* [To do]
Below are entries. Copy exactly the lines running from the line that holds "Next, let's transfer" to the line that holds "Anyway, these are", with both ends included.

###

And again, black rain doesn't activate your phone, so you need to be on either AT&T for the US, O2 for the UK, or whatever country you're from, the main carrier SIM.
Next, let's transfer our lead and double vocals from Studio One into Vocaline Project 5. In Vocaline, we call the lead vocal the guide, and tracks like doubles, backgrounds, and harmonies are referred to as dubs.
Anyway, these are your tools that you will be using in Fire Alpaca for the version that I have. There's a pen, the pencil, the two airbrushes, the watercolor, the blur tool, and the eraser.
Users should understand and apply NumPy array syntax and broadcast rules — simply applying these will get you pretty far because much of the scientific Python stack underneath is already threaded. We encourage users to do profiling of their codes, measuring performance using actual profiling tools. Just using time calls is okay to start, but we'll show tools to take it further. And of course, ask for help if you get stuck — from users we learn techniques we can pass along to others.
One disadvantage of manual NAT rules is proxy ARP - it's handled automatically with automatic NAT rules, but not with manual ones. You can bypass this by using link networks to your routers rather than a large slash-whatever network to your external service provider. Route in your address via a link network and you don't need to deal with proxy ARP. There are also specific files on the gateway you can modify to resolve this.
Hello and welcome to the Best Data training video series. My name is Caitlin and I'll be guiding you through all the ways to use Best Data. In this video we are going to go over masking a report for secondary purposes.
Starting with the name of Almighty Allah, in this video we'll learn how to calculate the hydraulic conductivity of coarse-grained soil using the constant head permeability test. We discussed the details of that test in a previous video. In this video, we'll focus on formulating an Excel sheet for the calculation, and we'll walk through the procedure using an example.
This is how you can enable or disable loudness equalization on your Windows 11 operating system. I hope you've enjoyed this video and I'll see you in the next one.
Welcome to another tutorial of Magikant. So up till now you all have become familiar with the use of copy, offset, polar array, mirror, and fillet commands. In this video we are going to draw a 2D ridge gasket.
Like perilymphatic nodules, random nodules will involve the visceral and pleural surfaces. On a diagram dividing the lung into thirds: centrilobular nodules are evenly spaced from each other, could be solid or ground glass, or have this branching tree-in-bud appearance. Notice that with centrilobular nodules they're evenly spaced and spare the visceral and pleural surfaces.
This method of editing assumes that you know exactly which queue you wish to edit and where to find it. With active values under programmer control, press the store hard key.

###

* [Exercise response]
Next, let's transfer our lead and double vocals from Studio One into Vocaline Project 5. In Vocaline, we call the lead vocal the guide, and tracks like doubles, backgrounds, and harmonies are referred to as dubs.
Anyway, these are your tools that you will be using in Fire Alpaca for the version that I have. There's a pen, the pencil, the two airbrushes, the watercolor, the blur tool, and the eraser.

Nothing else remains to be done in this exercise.